▸ **Exercise description**: From the line containing "Bruh Moment 2020 Funny Meme Hoodie by Eyes4" down to the last line of the entries, print each line exactly and leave the pictures out.

▸ **Data for the task**:
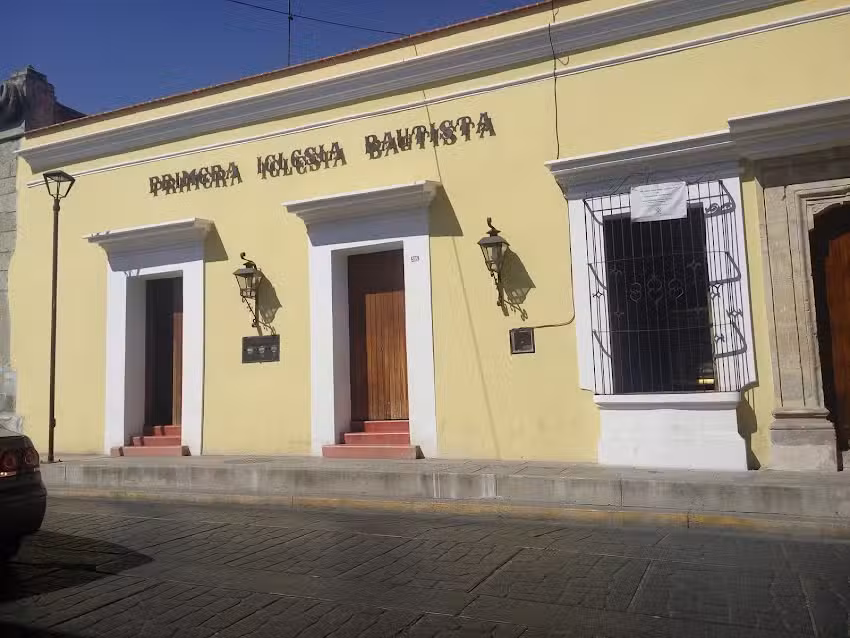 Primera Iglesia Bautista de Oaxaca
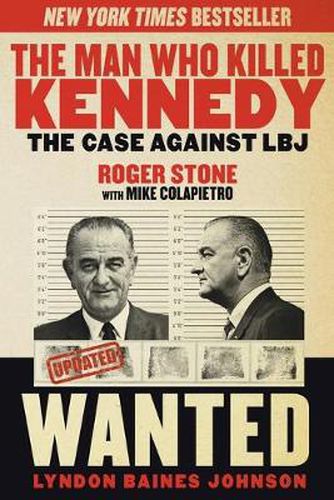 Cover image for The Man Who Killed Kennedy: The Case Against LBJ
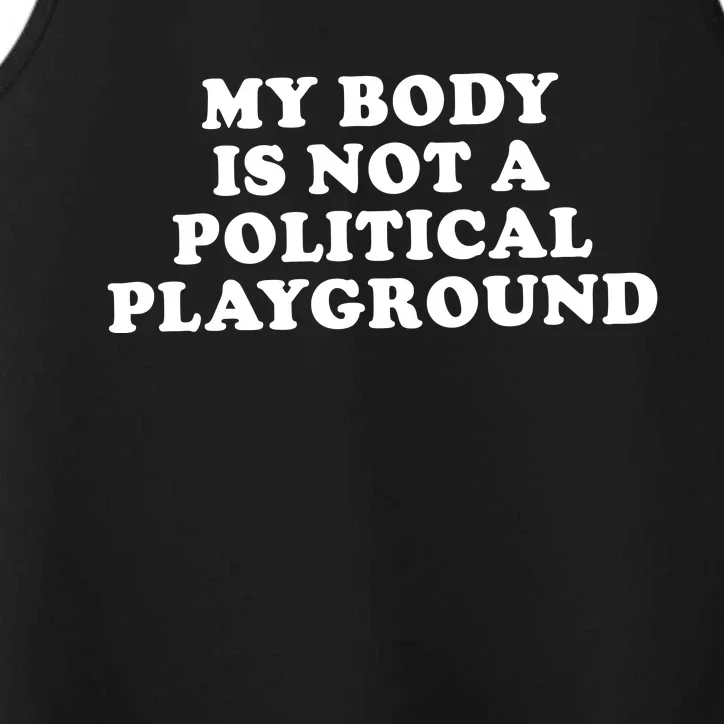 My Body Is Not A Political Playground Performance Tank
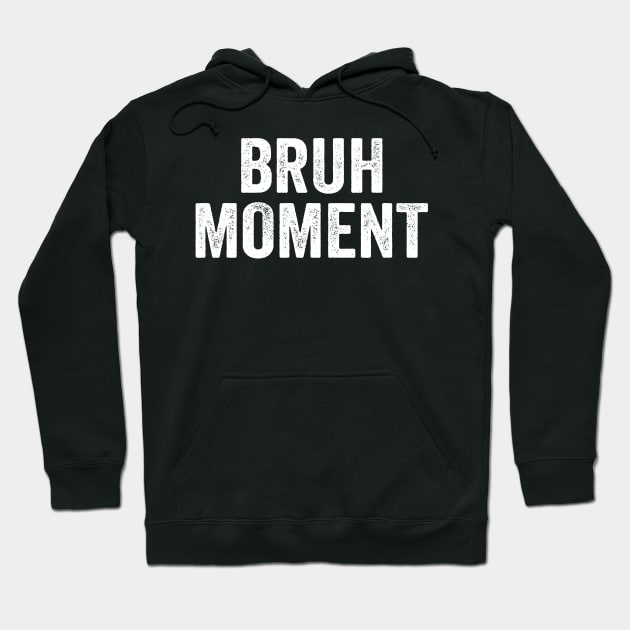 Bruh Moment 2020 Funny Meme Hoodie by Eyes4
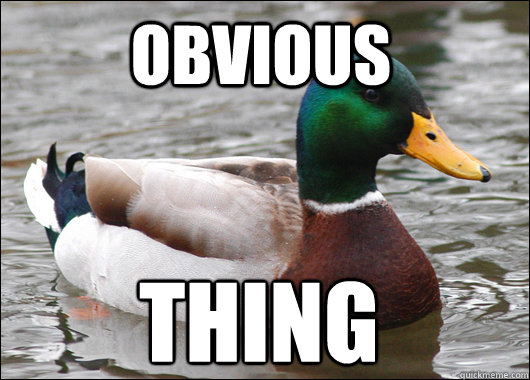 obvious thing  Actual Advice Mallard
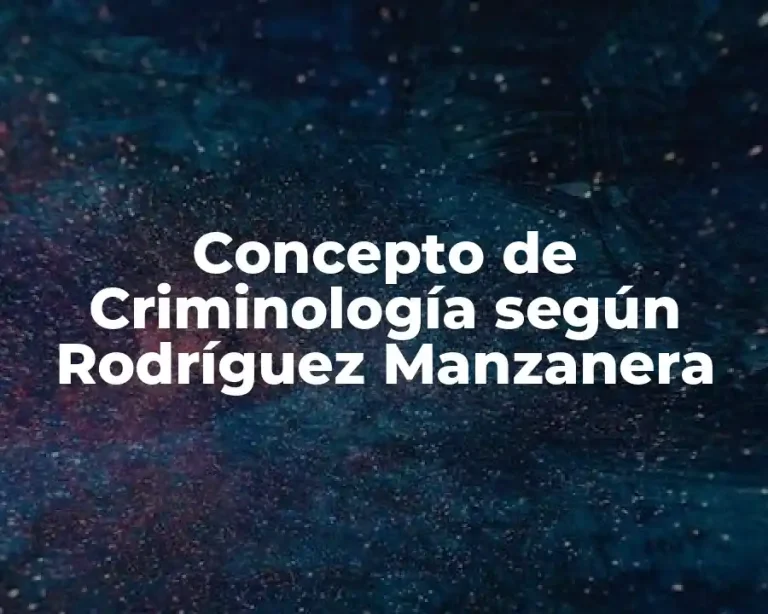 Concepto de Criminología según Rodríguez Manzanera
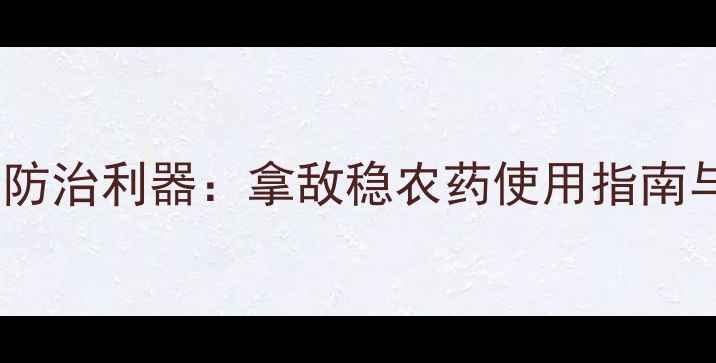 图片 水稻稻瘟病防治利器：拿敌稳农药使用指南与效果分析2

▸ **Task answer**:
 Bruh Moment 2020 Funny Meme Hoodie by Eyes4
 obvious thing  Actual Advice Mallard
 Concepto de Criminología según Rodríguez Manzanera
 图片 水稻稻瘟病防治利器：拿敌稳农药使用指南与效果分析2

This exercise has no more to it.